Right on! Glad to hear about the new release. The poll function I used like this:
(e/server (e/input
(poll-f 1000 ; every second yields new formatted time
(fn [] (tick/format "HH:mm:ss dd/MM"
(tick/zoned-date-time))))))
But I also got rid of it in my attempt to fix WSOD. Now I use them only on client. I moved m/sleep+e/Task and control flows to client side. Made sure to e/Offload blocking calls yes. I haven't see WSOD anymore so far.Here I use poll function on client to query info from Android hosting webview. These calls on client I didn't get rid of.
(e/client
(e/reduction {} nil
(poll-f 1000
(fn [] (.post js/Android "bluetooth" "connected_device")))))Just to confirm - e/offload of blocking calls eliminated the problem?

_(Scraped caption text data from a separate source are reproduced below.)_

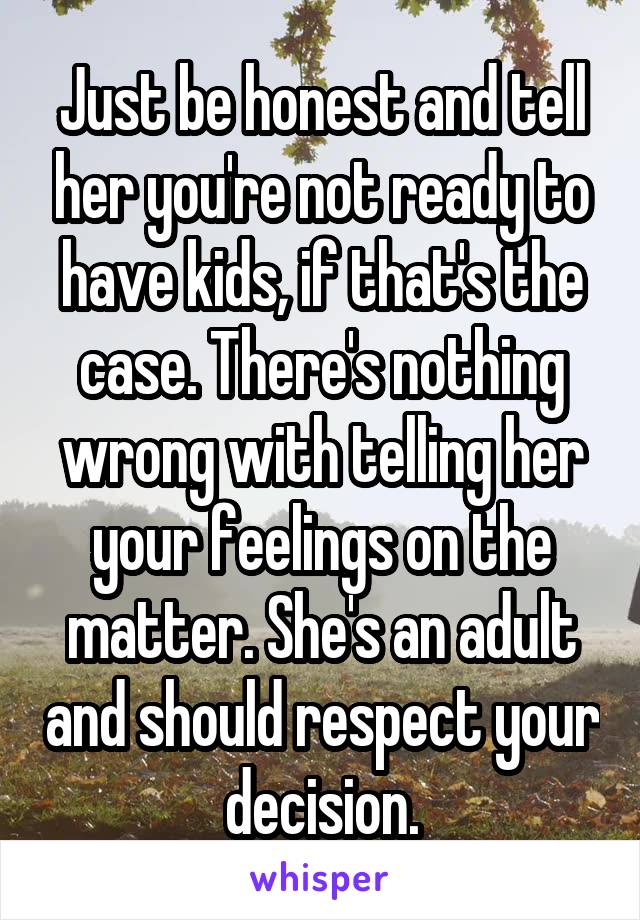 Just be honest and tell her you're not ready to have kids, if that's the case. There's nothing wrong with telling her your feelings on the matter. She's an adult and should respect your decision.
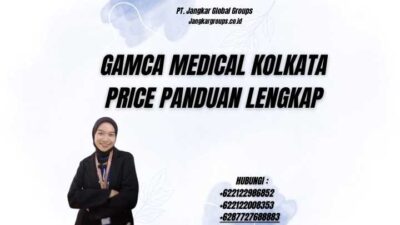 Gamca Medical Kolkata Price Panduan Lengkap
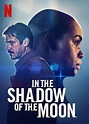 In the Shadow of the Moon (2019) - Film Blitz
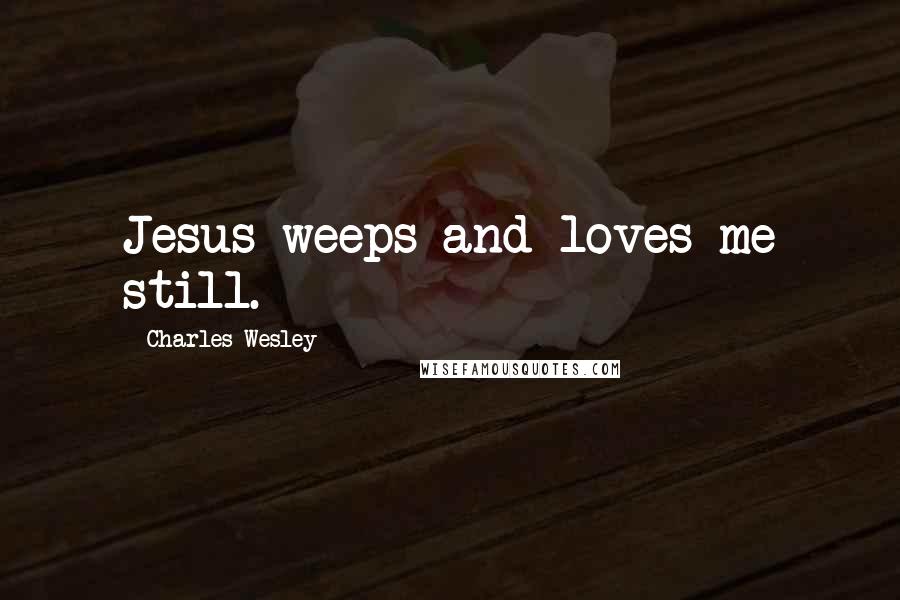 Charles Wesley Quotes: Jesus weeps and loves me still.
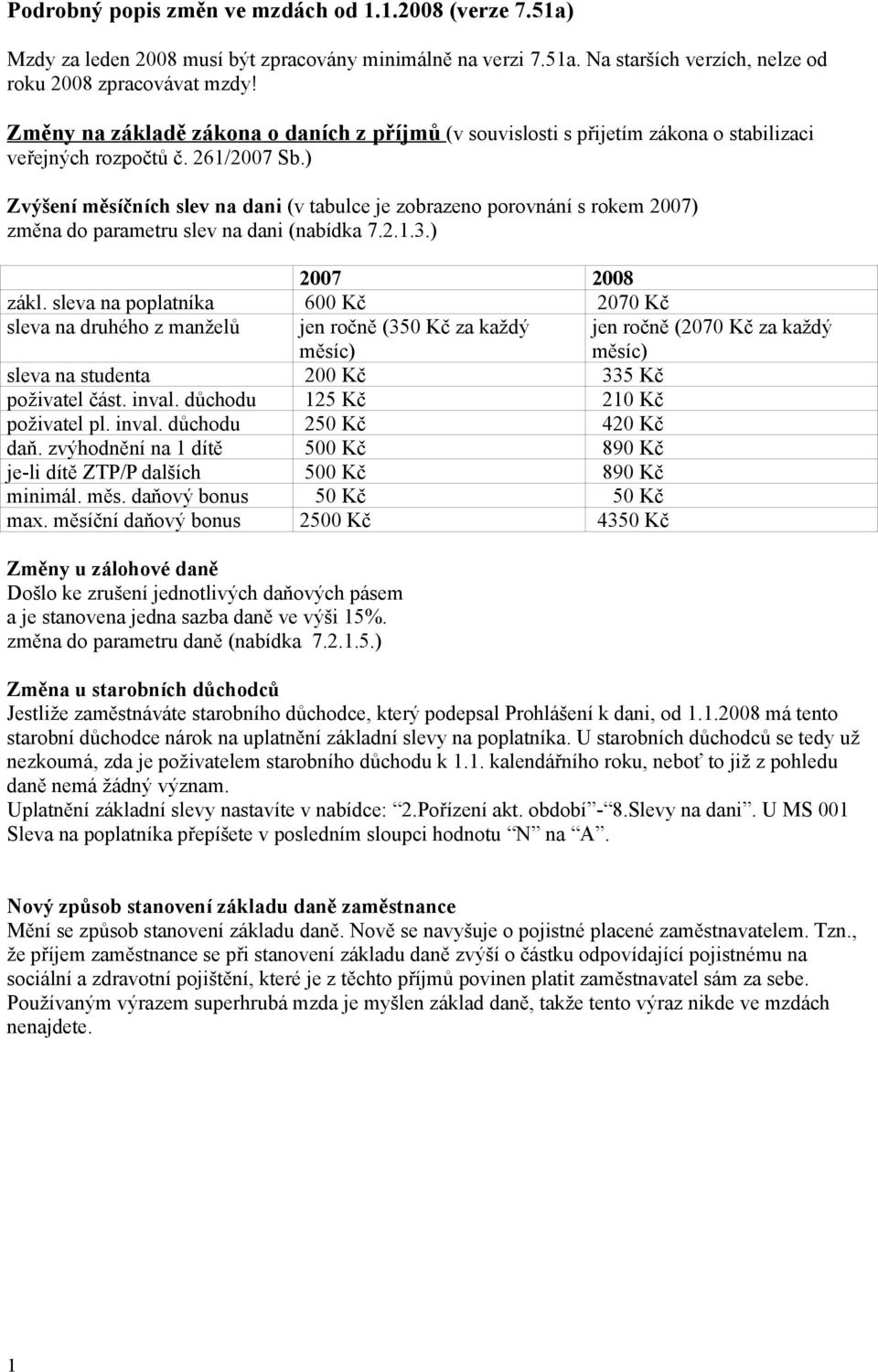 ) Zvýšení měsíčních slev na dani (v tabulce je zobrazeno porovnání s rokem 2007) změna do parametru slev na dani (nabídka 7.2.1.3.) 2007 2008 zákl.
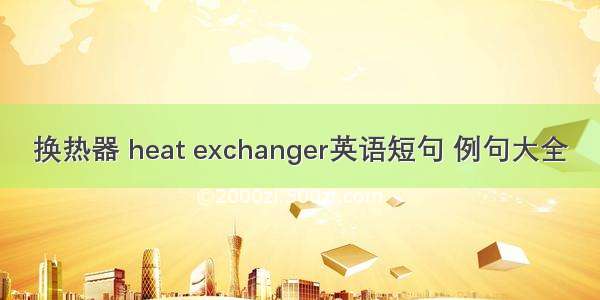 换热器 heat exchanger英语短句 例句大全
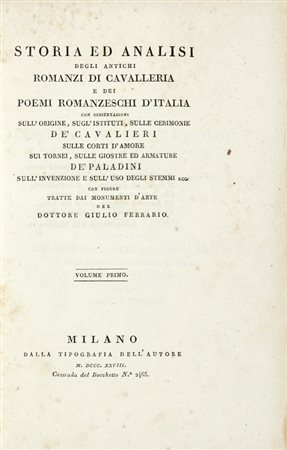 Ferrario Giulio, Storia ed analisi degli antichi romanzi di cavalleria e dei poemi romanzeschi d'Italia... Volume primo (-quarto). Milano: dalla tipografia dell'autore, 1828-1829.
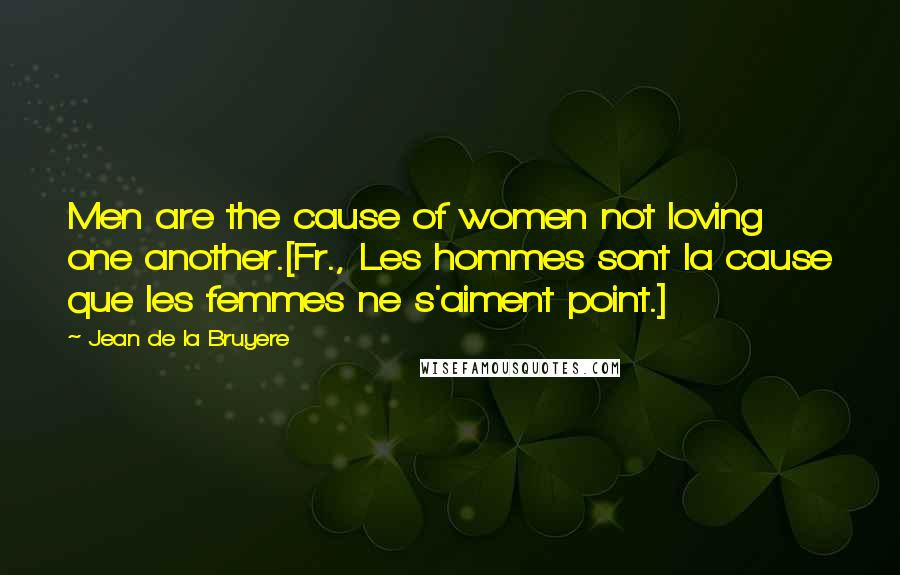 Jean De La Bruyere Quotes: Men are the cause of women not loving one another.[Fr., Les hommes sont la cause que les femmes ne s'aiment point.]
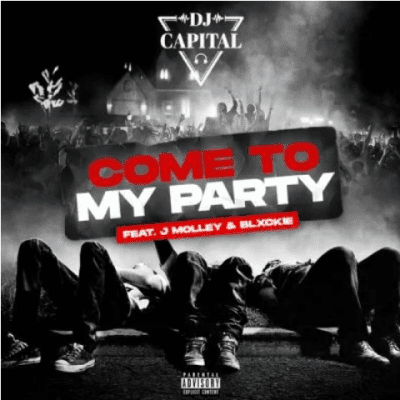 DJ Capital – Come To My Party ft J Molley & Blxckie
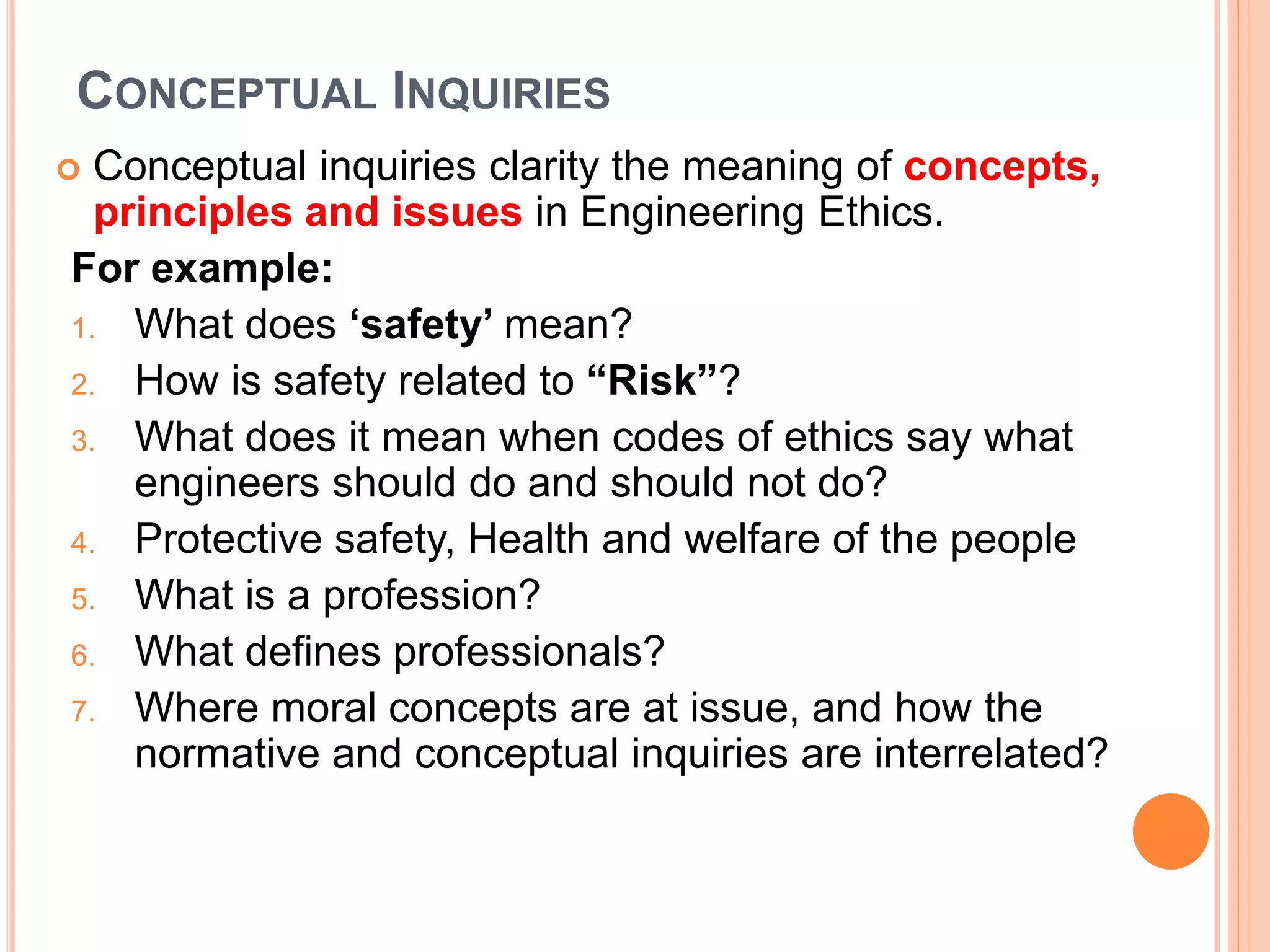 CONCEPTUAL INQUIRIES
 Conceptual inquiries clarity the meaning of concepts,
principles and issues in Engineering Ethics.
For example:
1. What does ‘safety’ mean?
2. How is safety related to “Risk”?
3. What does it mean when codes of ethics say what
engineers should do and should not do?
4. Protective safety, Health and welfare of the people
5. What is a profession?
6. What defines professionals?
7. Where moral concepts are at issue, and how the
normative and conceptual inquiries are interrelated?
 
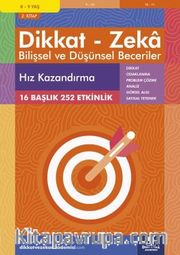 Hız Kazandırma (8 - 9 Yaş 2. Kitap, 252 Etkinlik) / Dikkat – Zeka <br /> Bilişsel ve Düşünsel Beceriler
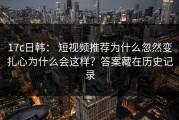 17c日韩： 短视频推荐为什么忽然变扎心为什么会这样？答案藏在历史记录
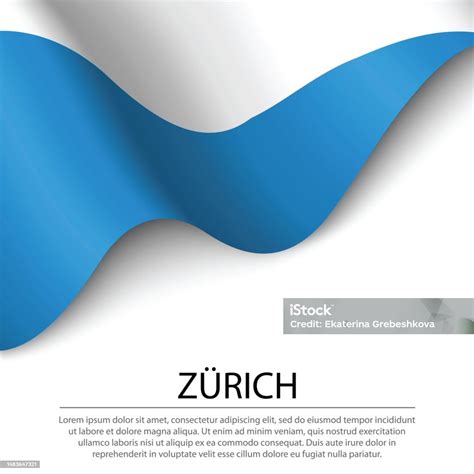 Waving Flag Of Zurich Is A Canton Of Switzerland On White Background Stock Illustration ...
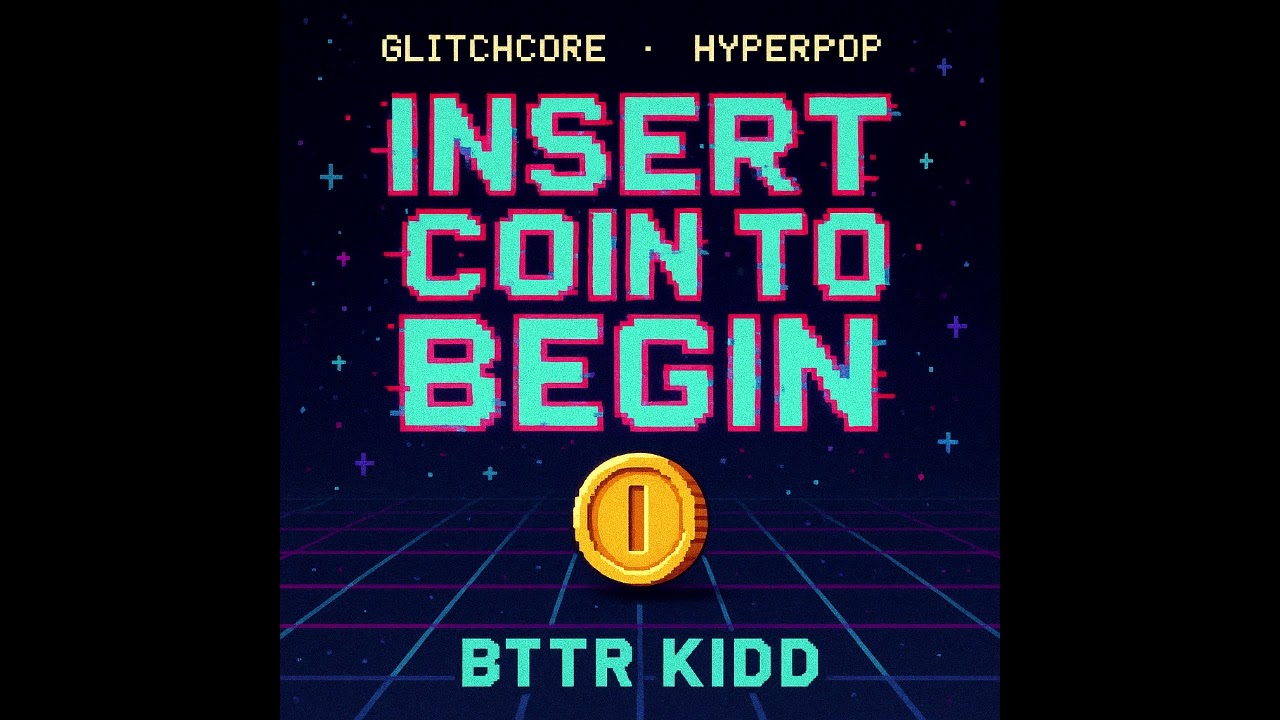 BTTR KIDD &ndash; Insert Coin to Begin (Full Album | Glitchcore Hyperpop SNES Vibes)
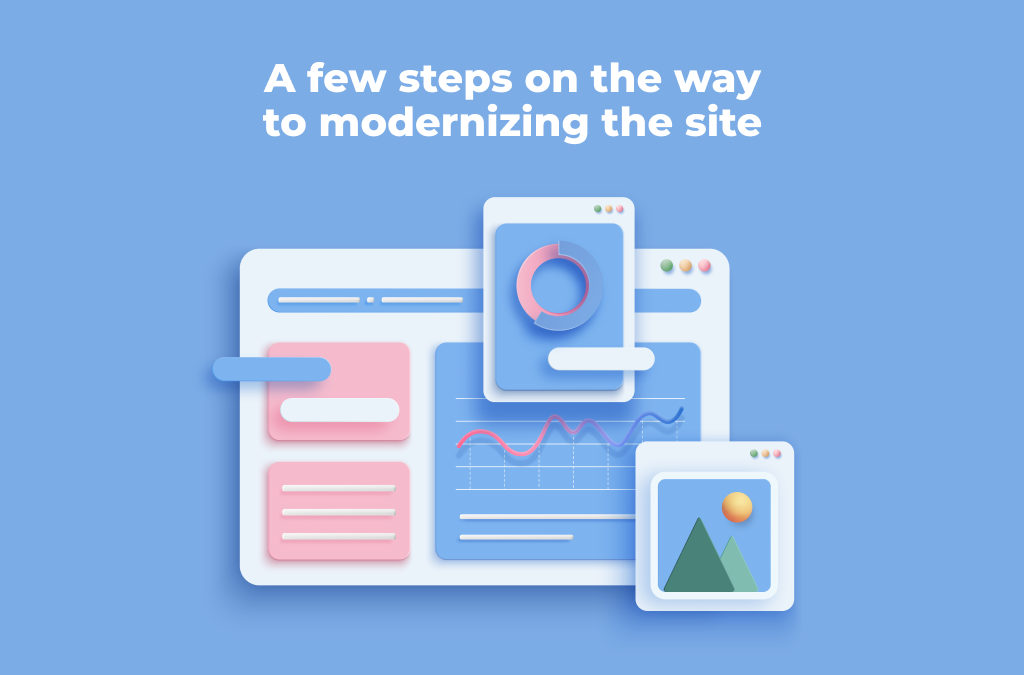 few-steps-on-the-way-to-modernizing-the-site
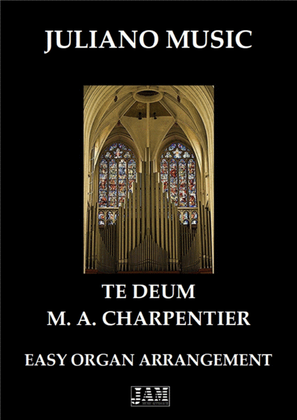 Book cover for TE DEUM (EASY ORGAN) - M. A. CHARPENTIER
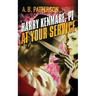 Harry Kenmare, PI - At Your Service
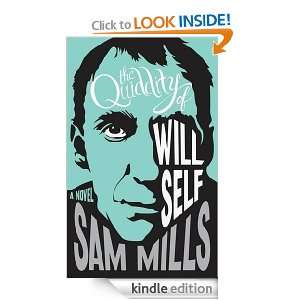 The Quiddity of Will Self Samantha Mills  Kindle Store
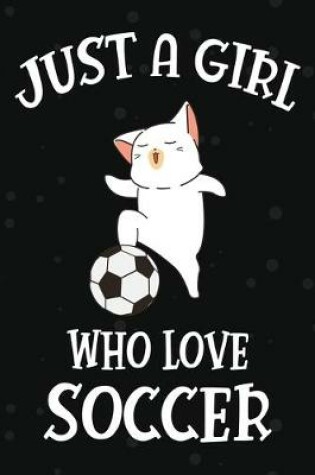 Cover of Just a Girl Who Love Soccer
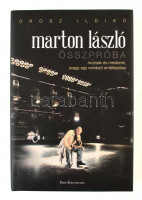 Orosz Ildikó: Marton László. Összpróba. Múzsák és mesterek, avagy egy rendező emlékezései. Radnóti Zsuzsa előszavával. Bp.,2017,Park. Kiadói kartonált papírkötés, kiadói papír védőborítóban.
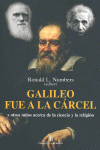 GALILEO FUE A LA CÁRCEL Y OTROS MITOS ACERCA DE LA CIENCIA Y LA RELIGIÓN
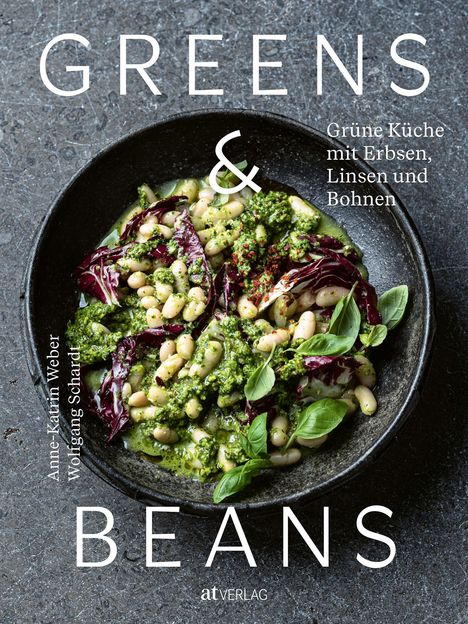 Anne-Katrin Weber: Greens &amp; Beans, Buch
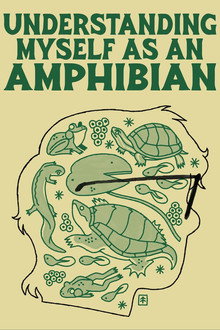 Understanding Myself as an Amphibian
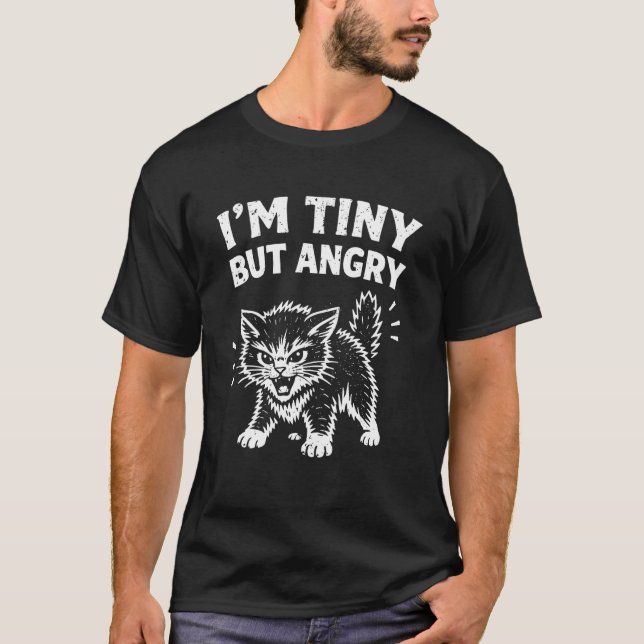I'm Tiny But Angry Funny Cat T-Shirt (Front)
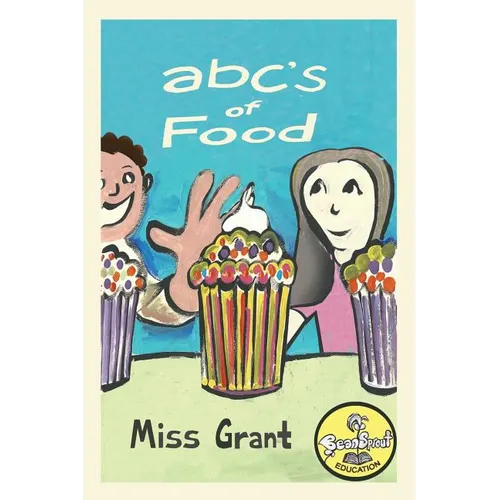 ABC's of Food: Foods from A to Z - For Kids 1-5 Years Old (Children's Book for Kindergarten and Preschool Success) Make Learning the Alphabet Fun! Inc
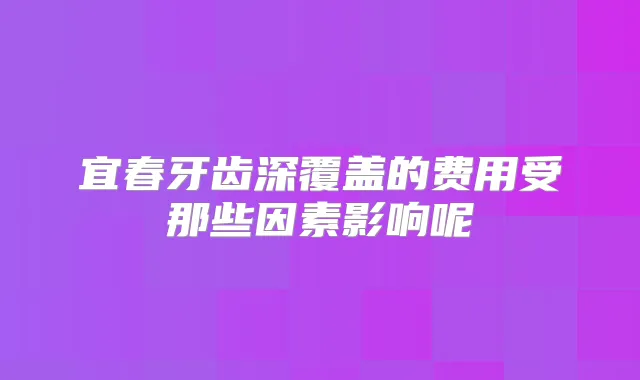 宜春牙齿深覆盖的费用受那些因素影响呢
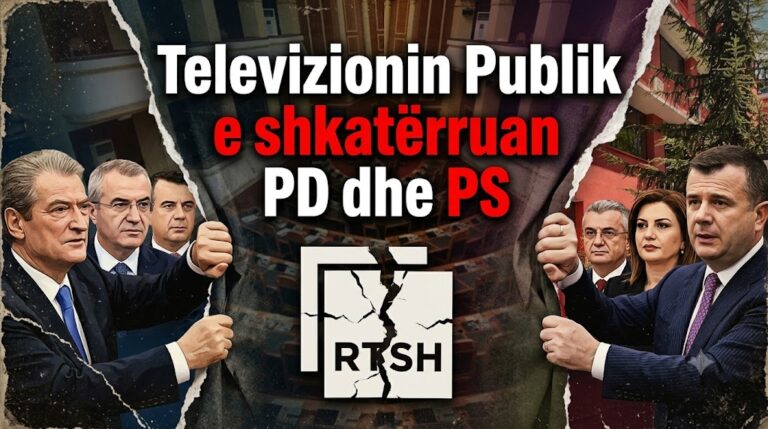 Televizionin Publik e shkatërruan PD dhe PS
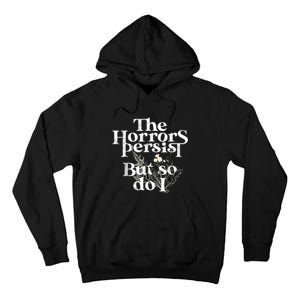 The Horrors Persist But So Do I Humor Flower Funny Tall Hoodie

what is an example of this? I am surprised
Well, I'm not sure what eliminated the problem since I couldn't reliably reproduce it in the first place. Only saw them in prod after a while. Actually sorry about the confusion, I didn't change anything about e/Offload when the problem went away, I only mean I went back to check that I have offload all blockings JDBC query for example. What I did change in the few last commits before it seemed to have fixed is avoiding m/sleep including the poll function on server side.
For example, here I wait 4 seconds on client instead of on server, before mutating an atom on server.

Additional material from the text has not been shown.